» **What you will do**
Every line below containing the word "Chevrolet" should be found and copied.
··········
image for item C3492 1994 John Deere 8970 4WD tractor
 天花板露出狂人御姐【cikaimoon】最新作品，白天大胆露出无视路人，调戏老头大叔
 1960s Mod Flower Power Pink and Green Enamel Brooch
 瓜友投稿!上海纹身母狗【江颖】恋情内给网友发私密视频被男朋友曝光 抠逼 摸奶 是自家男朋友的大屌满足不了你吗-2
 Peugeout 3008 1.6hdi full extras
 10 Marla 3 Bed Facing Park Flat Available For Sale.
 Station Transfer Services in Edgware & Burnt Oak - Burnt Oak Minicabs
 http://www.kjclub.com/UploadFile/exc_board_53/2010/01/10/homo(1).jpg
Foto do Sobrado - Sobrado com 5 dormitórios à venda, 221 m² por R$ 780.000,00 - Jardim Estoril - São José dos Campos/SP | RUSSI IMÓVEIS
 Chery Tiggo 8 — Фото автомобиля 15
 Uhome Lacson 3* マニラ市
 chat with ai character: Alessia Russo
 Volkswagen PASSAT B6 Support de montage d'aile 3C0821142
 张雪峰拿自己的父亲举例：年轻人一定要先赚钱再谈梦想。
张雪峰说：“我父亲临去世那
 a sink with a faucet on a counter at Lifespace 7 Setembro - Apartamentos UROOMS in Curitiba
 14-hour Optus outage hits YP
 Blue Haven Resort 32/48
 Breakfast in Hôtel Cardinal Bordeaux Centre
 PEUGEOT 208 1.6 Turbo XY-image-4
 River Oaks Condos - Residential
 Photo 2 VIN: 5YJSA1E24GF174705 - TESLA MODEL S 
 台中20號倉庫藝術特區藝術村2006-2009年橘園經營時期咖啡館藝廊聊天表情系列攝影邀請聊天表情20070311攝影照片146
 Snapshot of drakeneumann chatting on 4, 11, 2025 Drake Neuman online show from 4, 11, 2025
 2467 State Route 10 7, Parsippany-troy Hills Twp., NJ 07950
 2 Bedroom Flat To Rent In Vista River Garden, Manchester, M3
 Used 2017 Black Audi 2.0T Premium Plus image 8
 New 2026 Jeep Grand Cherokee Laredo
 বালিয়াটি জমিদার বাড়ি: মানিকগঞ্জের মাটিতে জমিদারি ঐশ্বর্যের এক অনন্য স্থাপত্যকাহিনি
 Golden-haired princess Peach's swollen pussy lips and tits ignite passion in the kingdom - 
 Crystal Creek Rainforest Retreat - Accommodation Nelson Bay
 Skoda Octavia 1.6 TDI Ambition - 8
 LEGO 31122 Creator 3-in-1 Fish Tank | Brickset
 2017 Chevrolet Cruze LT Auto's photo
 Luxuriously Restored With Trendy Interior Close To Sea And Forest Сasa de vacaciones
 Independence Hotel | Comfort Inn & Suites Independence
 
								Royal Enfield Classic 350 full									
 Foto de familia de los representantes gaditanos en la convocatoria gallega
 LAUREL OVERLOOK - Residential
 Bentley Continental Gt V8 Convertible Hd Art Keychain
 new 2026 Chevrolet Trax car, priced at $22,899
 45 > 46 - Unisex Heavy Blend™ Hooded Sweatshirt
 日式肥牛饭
··········
» **Answer to this task**
 2017 Chevrolet Cruze LT Auto's photo
 new 2026 Chevrolet Trax car, priced at $22,899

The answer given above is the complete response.